A former Syrian diplomat in communist East Berlin, Nabil Shritah, was given a two-year suspended sentence for supplying Weinrich with explosives shortly before the 1983 bombing.

The Berlin court was told that Weinrich headed the European operations for Illich Ramirez Sanchez, the Venezuelan terrorist known as Carlos, during the 1970s and 1980s. European police authorities have repeatedly accused Carlos and Weinrich of involvement in several terrorist actions, including the 1981 bomb attack on RFE/RL.

Among them are the 1975 attack on an Israeli airliner in Paris and the 1983 attack on the Saudi Arabian Embassy in Athens. Carlos is now serving a life sentence in France.

No one has been arrested or formally accused of charges related to the RFE/RL bombing, in which five people were injured.

At the time of the attack on RFE/RL, Carlos and several members of his group were living in Hungary. Documents found in the files of the former East German intelligence service show that after the RFE/RL attack Carlos went to Bucharest where he was congratulated by senior members of the Romanian security service, the Securitate.

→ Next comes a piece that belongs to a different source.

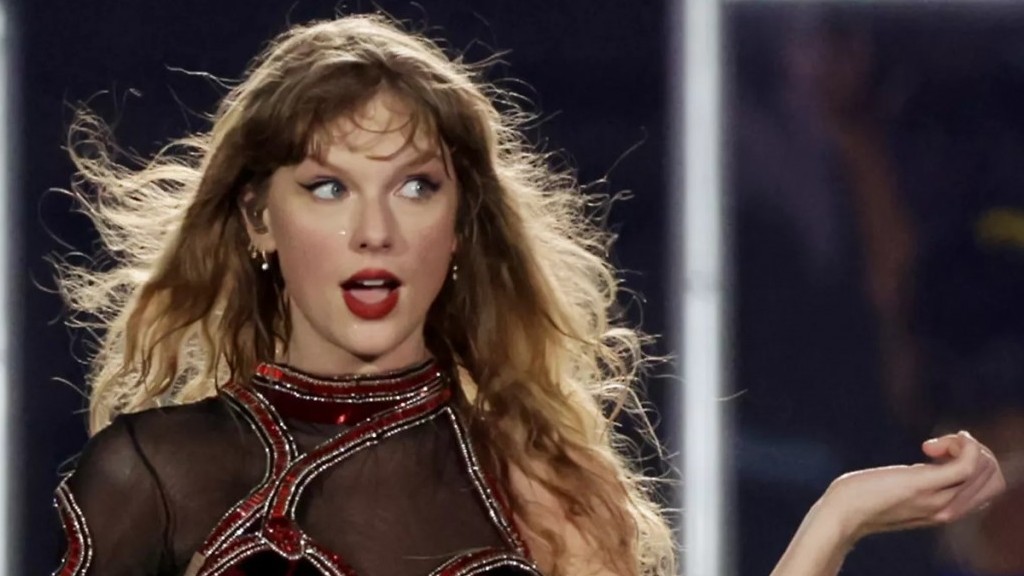 Fan quan tâm sức khỏe khi Taylor Swift thường xuyên phải di chuyển giữa các quốc gia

Soon afterwards, the Hungarian authorities told him that he and his group were unwelcome. Carlos then moved his operations to Syria.

Some of the East German documents were made available to Radio Free Europe/Radio Liberty after the integration of East and West Germany. Hungarian and Romanian authorities also provided some information.

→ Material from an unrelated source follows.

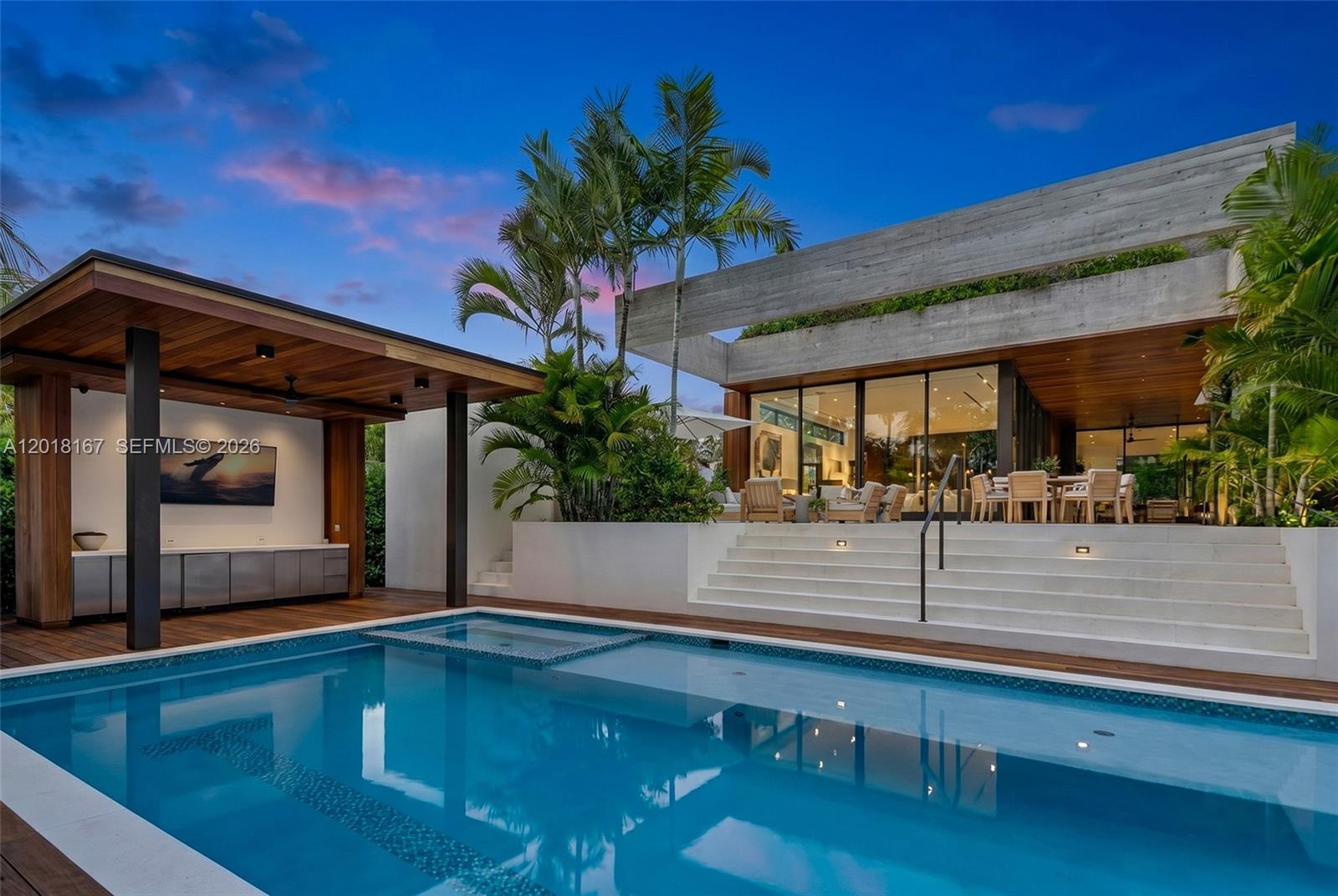 1420 W 23rd St, Miami Beach FL 33140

According to these reports, the RFE/RL bombing was the work of a team sent to Munich especially for this operation. Weinrich was a member of the team together with a Swiss citizen Bruno Berguet.

Hungarian authorities intercepted a phone call from Weinrich in Munich to Carlos, who had remained in Budapest, in which Weinrich reported the success of the attack. On November 5, 1991, Hungarian State Prosecutor Kalman Georgyi named Berguet as the individual who was believed to have triggered the bomb. Ten days later, Georgyi wrote to RFE/RL to say that Budapest had suspended the investigation as the suspects had left Hungary. But a report by the Bavarian state criminal office (Landeskriminalamt) concluded that Carlos and Weinrich had participated directly or indirectly in the attack on RFE/RL.

The trial against Weinrich which came to an end Monday has been in progress for almost five years. The Bavarian state criminal office said Tuesday that after the reunification of Germany Weinrich fled to Syria and then to Yemen. He was handed over to German authorities in Yemen in June 1995.

Carlos left Syria at the same time as Weinrich and went to Sudan. In 1995 he was captured by French agents in a hospital and taken to France. Carlos has been accused of more than 80 murders around the world.

For Weinrich, the sentence is not the end of the story. German prosecutors said they would bring other charges against him, but they declined to say whether the attack on Radio Free Europe/Radio Liberty would be among them.